Organisation
The KAAK's work in four regions of the world is carried out or supported by more than 20 permanent researchers, infrastructural, technical and administrative staff as well as by additional third-party funded employees. The KAAK offers an extensive research infrastructure with a library, editorial team, archive and guest rooms.
About Us
In its work, the KAAK focuses on regions outside Europe, with a particular focus on Latin America, Africa, Asia and Oceania. Our research covers the entire spectrum of the history of anatomically modern humans from their earliest beginnings in the Middle Palaeolithic (250,000 years before today and earlier) to modern times. We conduct, promote and publish archaeological research in our regional areas. By working in previously rarely studied and extremely diverse regions, we research a wide variety of possible social, cultural and technological developments. However, not only the geographical range of our field work is crucial, but also the general expansion and opening of the perspective of traditional German archaeology. In view of the very different depths of scientific knowledge across large areas, the KAAK is particularly involved in archaeological base research in the various host countries on the one hand and, on the other hand, our researchers work within the DAI on overarching themes that can also have a direct bearing on the present.
How We Are Organised
Our research in four non-European regions of the world (Latin America, Africa, Asia, Oceania) is led by eight scientists who are supported by an extensive research infrastructure. These are supported by eleven additional scientific and technical employees, who primarily cover the areas of surveying and data curation, IT and publications/editorial office, as well as the library, archive and administration.

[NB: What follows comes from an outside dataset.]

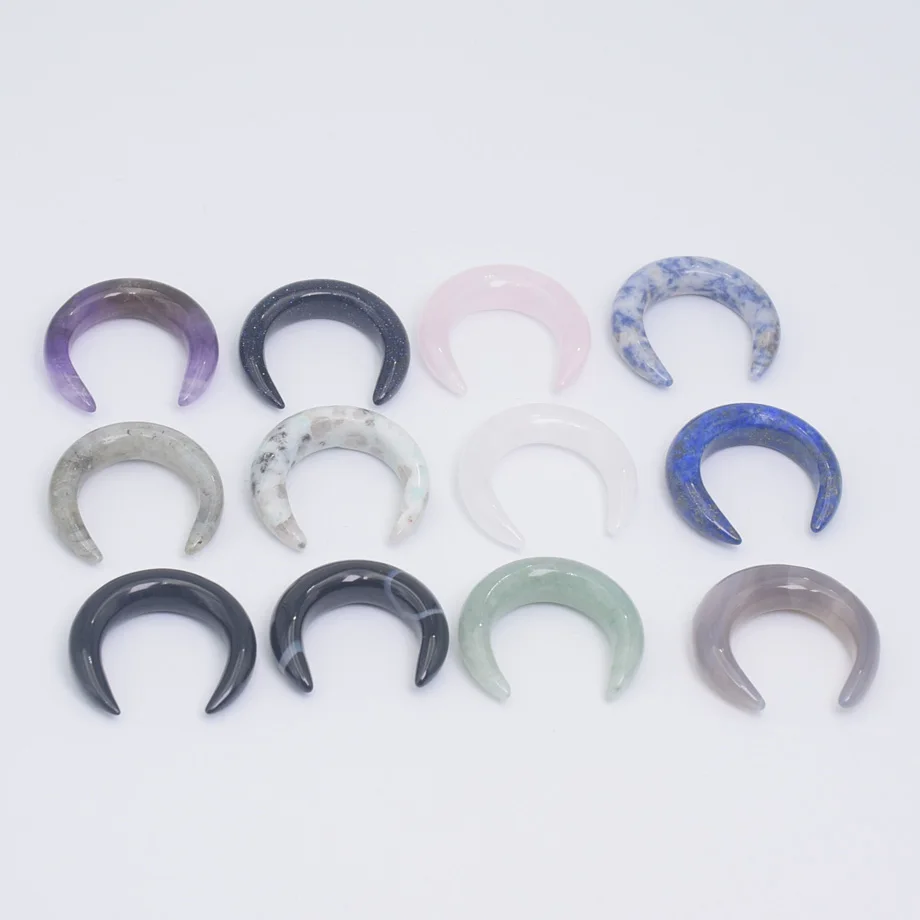 Природный камень кристалл полумесяц гудок в форме Луны для украшения ювелирных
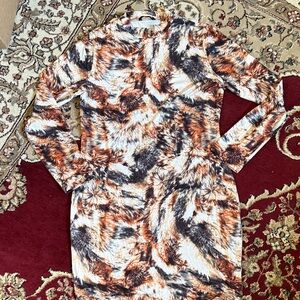 SHEIN Orange and Black Long Sleeve Dress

Other scientists are involved in the work of the KAAK through third-party funded projects.
The core of our work unit is an extensive library that brings together collections on the archaeology and older art history of Latin America, Africa and Asia, which are unique in Germany, with a focus on East Asia, South and Central Asia. The KAAK has an extensive archive, which is continuously digitized and made freely accessible to the public. The KAAK also has an in-house editorial team that publishes both a series of monographs (FAAK) and the magazine JoGA.
The KAAK maintains a research office in Ulaanbaatar in Mongolia, which offers living and working opportunities for scientists for longer research stays and also serves as a base station for ongoing DAI research in Mongolia. The purchase of the apartment was possible thanks to generous support from the Theodor Wiegand Gesellschaft e.V.